Directions for this task:
The full listing, excluding its pictures, should be printed exactly as it stands.

Data excerpt:
------------

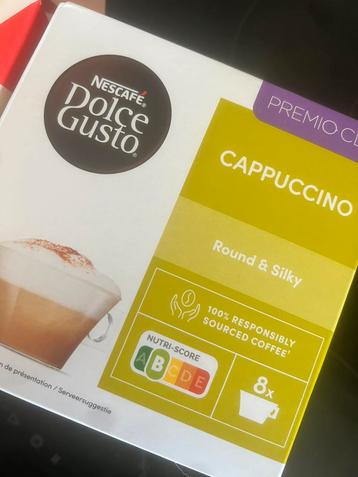 Dolce gusto - cappuccino beschikbaar voor biedingen
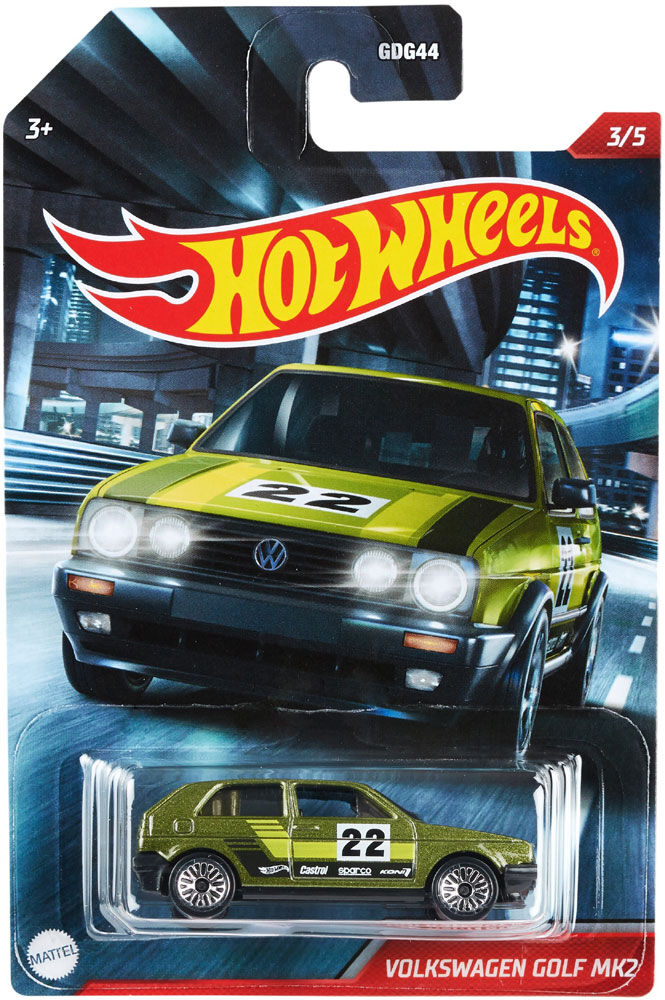 Hot Wheels Volkswagen Golf MK2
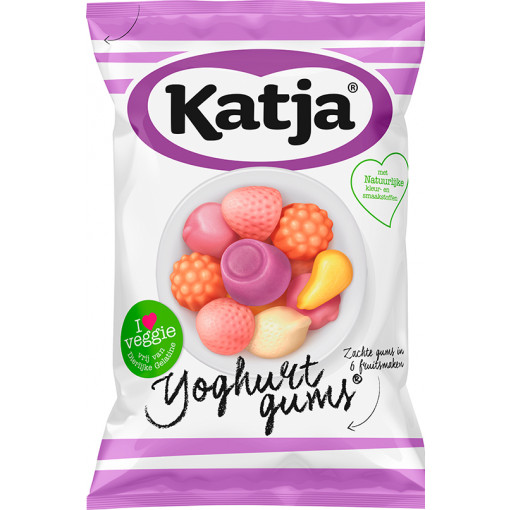 Yoghurt Gums  van Katja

------------

Solved problem:
 Dolce gusto - cappuccino beschikbaar voor biedingen
 Hot Wheels Volkswagen Golf MK2
 Yoghurt Gums  van Katja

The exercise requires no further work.